### DATA EXTRACT ###

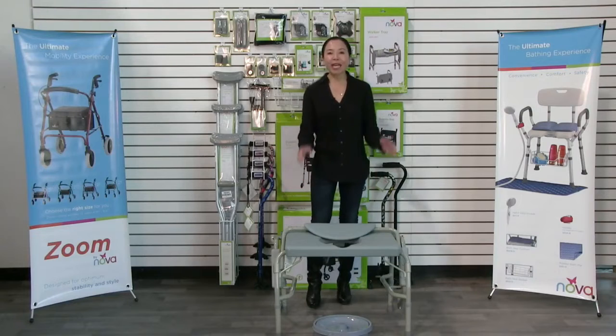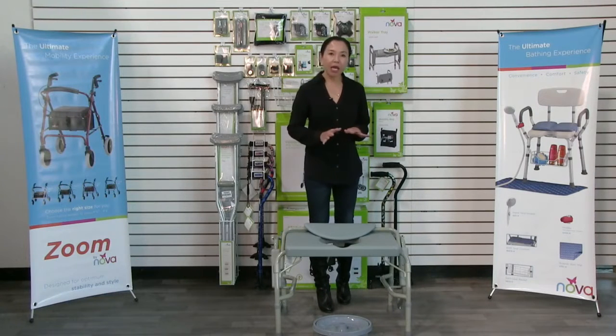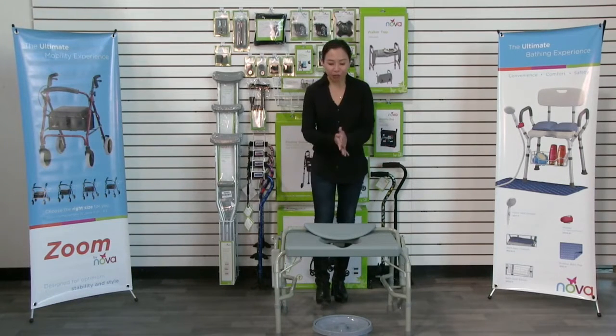This video is about the Nova 8583 500 pound weight capacity heavy-duty commode with drop arm. I'm going to show you the quick and easy assembly and then the great features of this product.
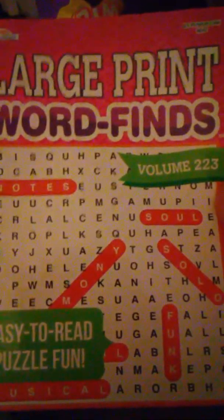I got the large print word finds. I like to do these — I have a couple of these. It's got the big letters. That's the front and that's the back.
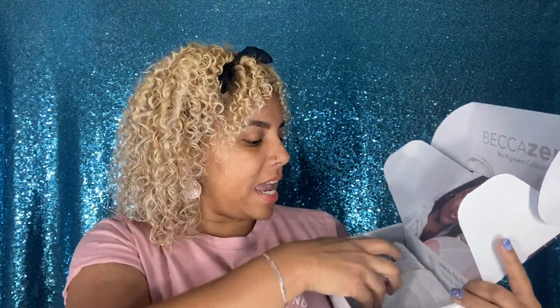I wasn't even expecting it because they did not send me a survey for this, so I'm actually very grateful. I was not planning to grab this, but since I got it I figure we'll try them out. So, first things first — this is how it came in: a box labeled 'No Pigment Collection.' It comes with a little card that gives you details and prices, which we'll get into in a minute.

###

- [YOUR TASK] First drop every picture, then print the data above exactly as it stands.

- [EXERCISE ANSWER]
This video is about the Nova 8583 500 pound weight capacity heavy-duty commode with drop arm. I'm going to show you the quick and easy assembly and then the great features of this product.
I got the large print word finds. I like to do these — I have a couple of these. It's got the big letters. That's the front and that's the back.
I wasn't even expecting it because they did not send me a survey for this, so I'm actually very grateful. I was not planning to grab this, but since I got it I figure we'll try them out. So, first things first — this is how it came in: a box labeled 'No Pigment Collection.' It comes with a little card that gives you details and prices, which we'll get into in a minute.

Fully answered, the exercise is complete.